In the days leading up to November 22, my class had apparently been unruly on the playground at recess. I don’t think we’d been doing much besides the ordinary chasing and screaming. But our teacher, Miss Merkin, had passed along a warning from the principal that our recess privileges would be suspended if we didn’t soon become more ruly.
An empty threat, we all assumed, and so our anarchy continued on Pasture’s blacktop for 15 exhilarating minutes each morning and afternoon.
Following afternoon recess on Friday, November 22, 1963, we returned to classroom 214, panting from another unmannerly game of tag. Miss Merkin stood at the front of the classroom. She looked shaken.
“Boys and girls—I have something awful to tell you,” she began.

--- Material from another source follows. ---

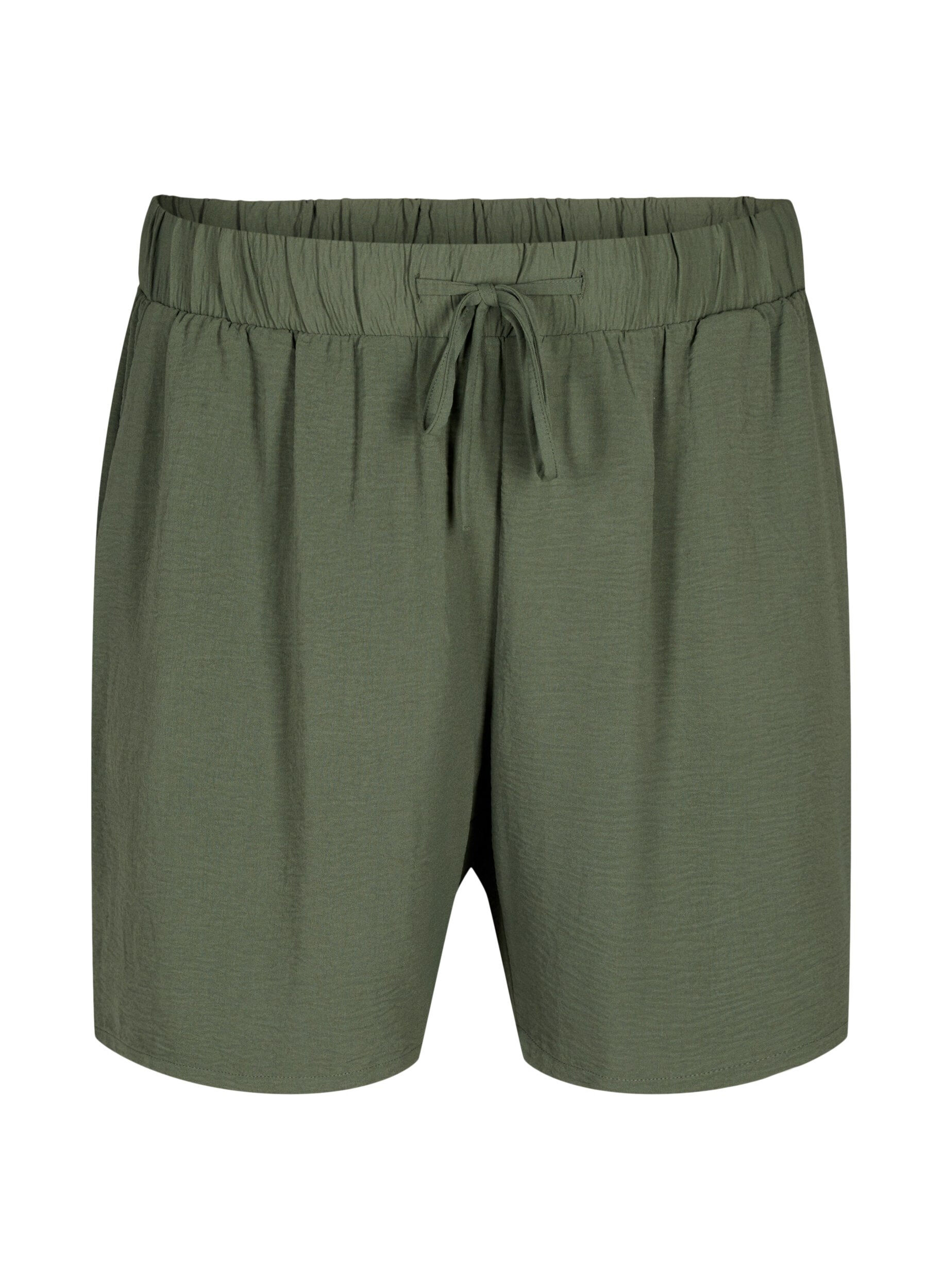 Shorts med lommer og elastisk linning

We knew what was coming. The only redeeming part of the school day was being snatched from us.
“President Kennedy has been shot and killed in Texas.”

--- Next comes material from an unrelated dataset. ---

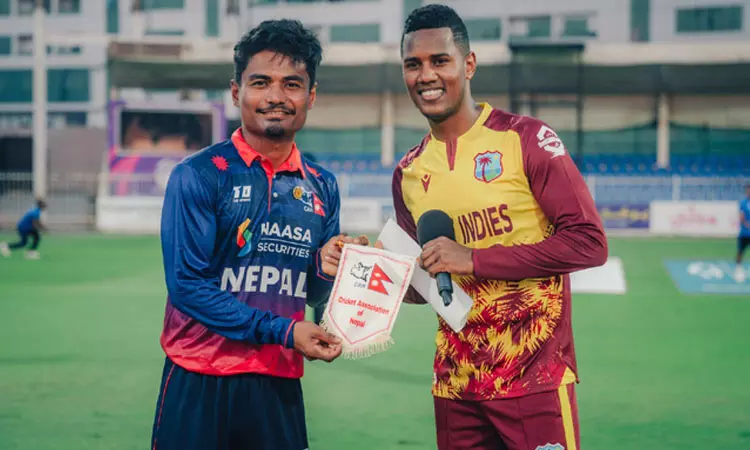 டி20 கிரிக்கெட்: வெஸ்ட் இண்டீஸை வீழ்த்தி தொடரை கைப்பற்றிய நேபாளம்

An audible, collective sigh breezed through the classroom. A sigh of relief. Then we immediately donned our somber faces.
And we kept them on the rest of the afternoon. Miss Merkin led some sort of civics discussion, during which I casually mentioned that I knew the Gettysburg Address by heart. She of course had me stand and recite it.
There was an abbreviated morning of school Monday—I suppose that even then, the public schools got a government per diem. We watched the start of the funeral procession on TV. Apparently we also sang “America the Beautiful,” led by school superintendent Benjamin Willis on the Board of Education’s radio station. I don’t recall this, but a story in that afternoon’s Chicago Daily News says it happened in all the city’s public schools.
The reporter who wrote that story, Lois Wille, spent the morning at Pershing elementary, at 31st and Rhodes, where she saw children “hushed and weeping.” She recounted a whispered conversation between two ten-year-olds. “I liked the thing that he said about, ‘What you can do for your country,'” Sheridan Clark told George Carry. “He was always telling people to be kind,” George whispered back. “That’s what civil rights is about. He wanted that.”
I’m glad Wille didn’t learn of the initial reaction in room 214 at Pasteur, although I doubt it would have made her story.
At 10:30, students at Pershing and Pasteur and throughout Chicago were sent home to watch the funeral. On Tuesday, we all went back to school. My classmates and I returned to 214, and ordinary life resumed, including recess.